On pourra au lire de ces extraits se dire que dans le genre, c'est terrifiant et qu'il s'agit d'un mauvais roman

MAIS ATTENTION :

le passage cité est extrait d'une lecture à voix haute qu'effectue l'un des personnages à partir des feuilles sauvées hasardeusement du pilon. La scène est drôle : il se trouve à lire devant un parterre de personnes âgées, mais comme la façon de faire consiste à prendre dans le désordre et sans tri les extraits sauvés, voilà qu'il tombe sur celui-ci, qui enchaîne à tire larigot tous les clichés de scènes sexuelles vulgaires et sans sensualité ; et songe à en interrompre la lecture (en plus à ce moment-là faite par une tierce personne fort respectable) avant de constater à quel point l'audience est subjuguée.

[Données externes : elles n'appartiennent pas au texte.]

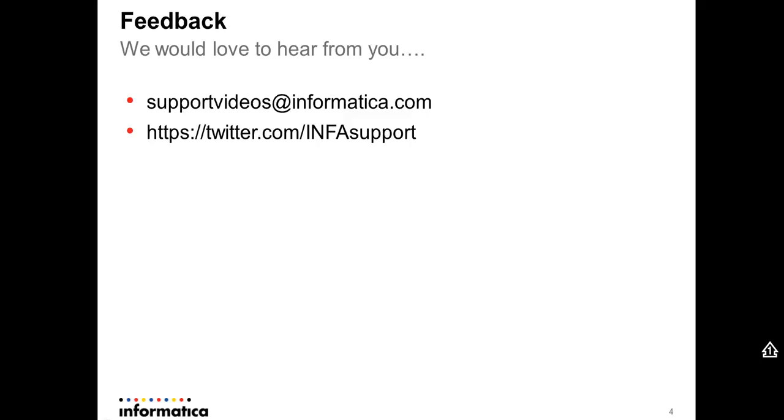Would love to hear from you. Please get in touch by support videos at informatica dot com or InfoSupport at Twitter. Thank you.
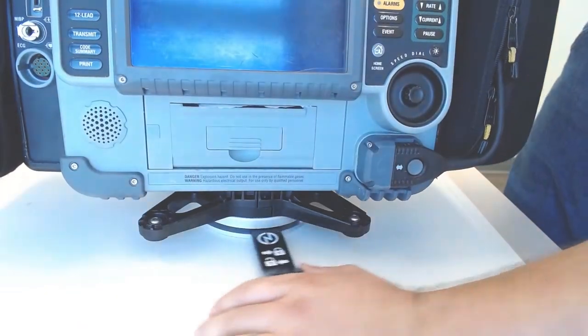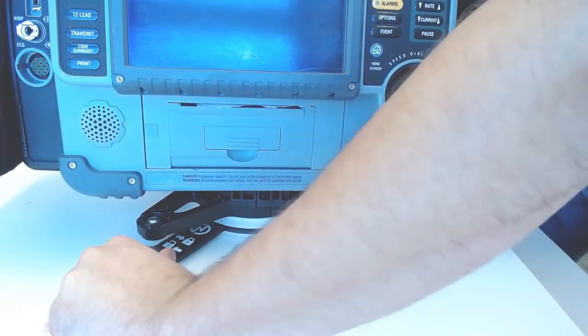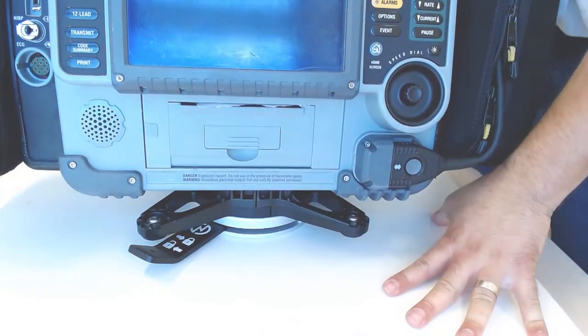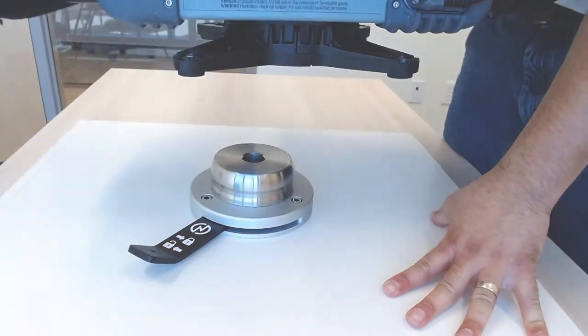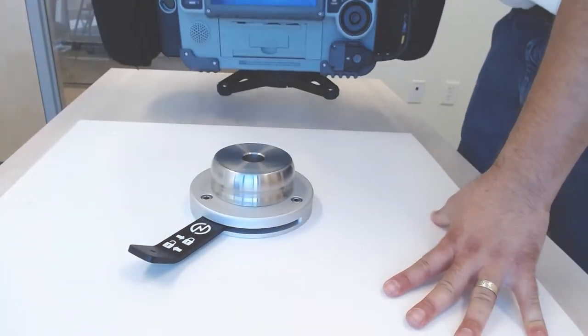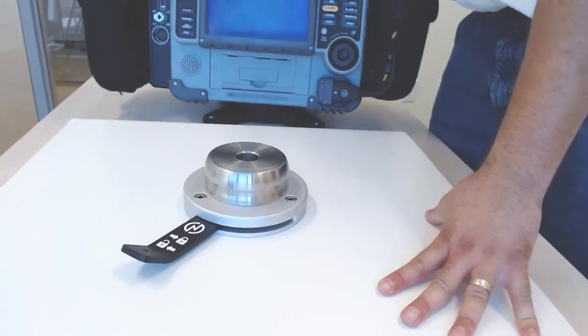Simply rotate to unlock, lift right off, and you're ready.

Il s'agit donc de citation d'une citation. L'auteur s'en est visiblement donné à cœur joie pour en rajouter et je ne serais pas loin de le soupçonner d'avoir travaillé un jour comme relecteur pour un éditeur, on pressent qu'il sait.

Ce sont donc des Jambes Interminables, mais au second degré. On ne se méfie jamais assez.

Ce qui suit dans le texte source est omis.